The tension along the whole piece of string will be the same. (122 N)

[lana]

hey guys !! =]
do you have any advice on how to prepare for the practical paper 3 ?? and could someone please explain to me an easy way to find uncertainties ??
thank you...

[ashish]

I don't think the upward lift is applied here.

The tension along the whole piece of string will be the same. (122 N)

hey deadly i kept on thinking on it ,the tension in the string cannot be 122N throughout it has to be 9.81*8 !

[S.M.A.T]

Do you mind to explain how you got your answers

b)(iii) It's not necessary that resultant is zero.

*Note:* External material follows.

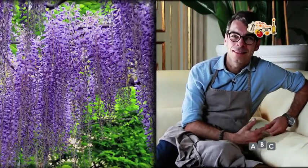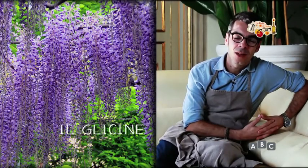Eccoci arrivati al momento un pochino più romantico, quello delle mie chicche. Oggi vi racconterò un po' la storia del glicine in fiore.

The frictional force between the bed and the body of the skier may be greater or equal to the horizontal force.

@ ashish : Weight cannot be the answer since the latter acts vertically downwards ans will have no horizontal component  

DK   frictional force cannot be greater than the horizontal force,if it was greater than the body will start to move to the left .But u can still say that this is not the maximum frictional force that the bed can apply on the body because the question did not said that  the body is in limiting equilibrium so if horizontal force increase than the frictional force will increase.
Since the body did not move(i.e. in equilibrium) that means frictional force=horizontal force
I hope u understood what i said

[nid404]

Limiting friction is greater than the horizontal force. Friction can take any value from 0 to uR.

[S.M.A.T]

Limiting friction is greater than the horizontal force. Friction can take any value from 0 to uR.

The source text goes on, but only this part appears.